Copy out the entries exactly, and wherever a picture appears, leave it out.

*** Material provided

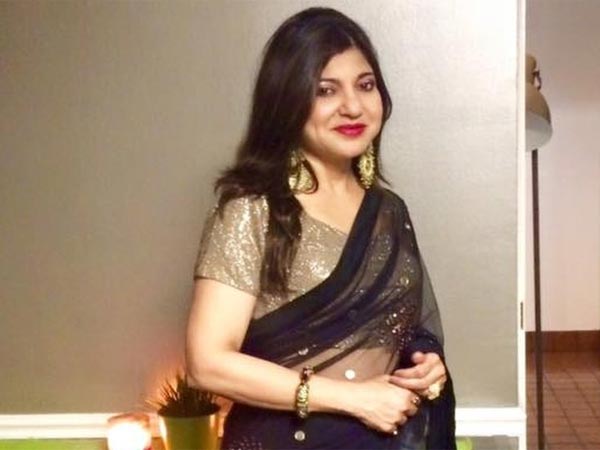 Alka Yagnik Slams Hina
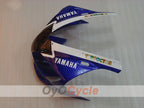 Kit de carenado por inyección para YZF-R1 98-99 - Azul, Blanco - FIAT, MICHELIN, MOTUL #OYO87905782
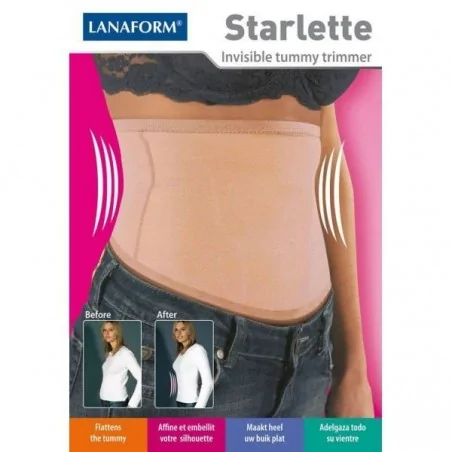 LANAFORM CEINTURE STARLETTE – Couleur naturelle et soin éclatant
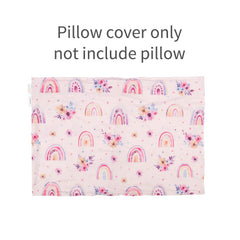 ALVABABY 12x16 loose-fit for mini travel pillows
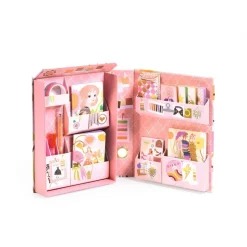 Armoire papeterie Tinou - FSC MIX - Djeco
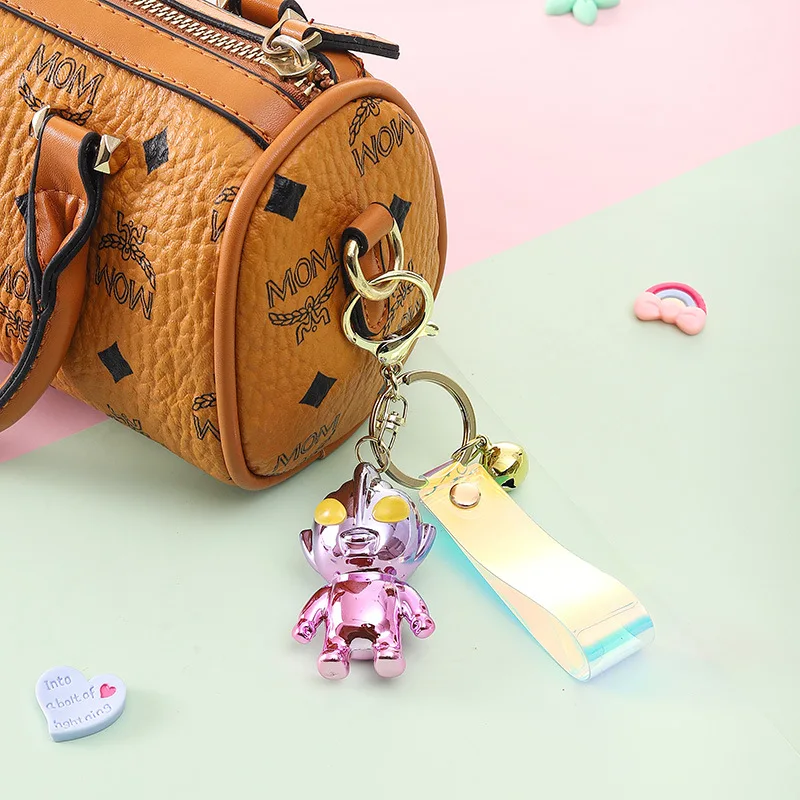 Minisoは、クールでトレンディな子供向けギフトを提供しています。漫画のキーホルダー、かわいい車のキーホルダーアクセサリー、バッグペンダントなどがあります。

******

Result below =
 Alka Yagnik Slams Hina
 Kit de carenado por inyección para YZF-R1 98-99 - Azul, Blanco - FIAT, MICHELIN, MOTUL #OYO87905782
 LANAFORM CEINTURE STARLETTE – Couleur naturelle et soin éclatant
 ALVABABY 12x16 loose-fit for mini travel pillows
 Armoire papeterie Tinou - FSC MIX - Djeco
 Minisoは、クールでトレンディな子供向けギフトを提供しています。漫画のキーホルダー、かわいい車のキーホルダーアクセサリー、バッグペンダントなどがあります。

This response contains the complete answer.